Che persona sei oggi?
"È quello che vedete in campo. Quello che vuole spaccare il mondo. Mi sto togliendo tante soddisfazioni, grazie anche all’ambiente, società e squadra, che mi circonda. Io a Empoli sono stato benissimo e quando mister Andreazzoli è passato al Genoa ha fatto di tutto per portarmi con sé. Ma sono stato io a scegliere il Sassuolo. Conosco Giovanni Carnevali, il direttore generale della società, dai tempi del Bari. De Zerbi mi voleva con sé già al Foggia, in C, ma io non me la sentii di scendere di categoria, e poi ancora al Palermo. Tutti e due oggi lavorano per il Sassuolo: quando mi hanno chiamato ancora, ho capito che era destino che le nostre strade si incrociassero".

De Zerbi è pronto per una big?
"Secondo me lui vuole crescere ancora prima di spiccare il salto. Può migliorare l’organizzazione della fase difensiva, che l’anno scorso è stato un po’ il nostro tallone d’Achille, ma ha tutto per diventare un allenatore di primo livello. È un visionario alla Sacchi, fa calcio in maniera diversa da chiunque. Non lascia nulla caso, conosce tutti i giocatori. Non ci dorme la notte, per il pallone. Può sembrare pesante, ma, se impari a leggerlo, se lo segui, hai solo vantaggi".

La gavetta?
"Io non mi guardo mai indietro. Ognuno ha la carriera che si merita. Certamente in qualche occasione mi sono chiesto: ma perché nessuno mi offre la possibilità di giocare in A? In quei momenti è stato bravo il mio procuratore, Enrico Fedele. Mi diceva: “Se vuoi che arrivi l’occasione che cerchi, dobbiamo trovare una buona squadra di B che ti dia fiducia e insieme alla quale puntare alla A”. È quello che è successo a Empoli".

Calcioscommesse?
"La gavetta mi ha aiutato tantissimo, soprattutto quando si è trattato di ricominciare dopo aver perso un anno perché mi ero ingiustamente trovato invischiato nel calcioscommesse; una vicenda tanto, troppo più grande di me. Avevo anche pensato di smettere.La giustizia sportiva mi ha squalificato, e non commento. Dico solo che una cosa del genere non la auguro neanche al mio peggior nemico. Mi importa solo essere uscito pulito dal processo penale: mi sono sentito rivalutato come uomo".

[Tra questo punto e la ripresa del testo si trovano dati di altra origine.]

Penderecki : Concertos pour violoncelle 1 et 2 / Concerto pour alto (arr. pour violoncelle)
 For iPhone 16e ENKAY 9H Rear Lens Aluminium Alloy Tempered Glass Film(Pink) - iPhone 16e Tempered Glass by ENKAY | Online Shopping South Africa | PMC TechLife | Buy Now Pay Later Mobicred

Il cartello restate a casa?
"È stata una cosa nata al telefono con mia moglie, che sento sempre prima della partita. Annamaria mi fa: “Se segni, perché non fai qualcosa di speciale, per lanciare un messaggio in questo momento difficile?”.E io: “Amo’, cavolo, me lo dici adesso, un’ora prima della partita?”. Non ci penso più, poi mi arriva l’illuminazione quando entro in campo per il riscaldamento. Chiamo Massimiliano Fusani, il team manager: “Dammi un foglio bianco grande e un pennarello”. Scrivo, lo piego e glielo consegno: “Mettilo dentro la giacca e non dire niente. Se faccio gol, vengo da te e me lo dai”. Così, dopo aver segnato il primo, corro verso la panchina. Tutti aspettano di vedere chi avrei abbracciato, invece mi fermo davanti a Massimiliano: “Dammi il foglio”. Lui apre la giacca e il resto lo avete visto".

Riapertura degli stadi?
"Dalla ripresa ho fatto 9 gol e ho esultato solo coi miei compagni. Sarebbe giusto riaprire gli stadi anche a capienza ridotta, per dare un segnale. Non si può andare avanti così.Tra noi calciatori di queste cose parliamo".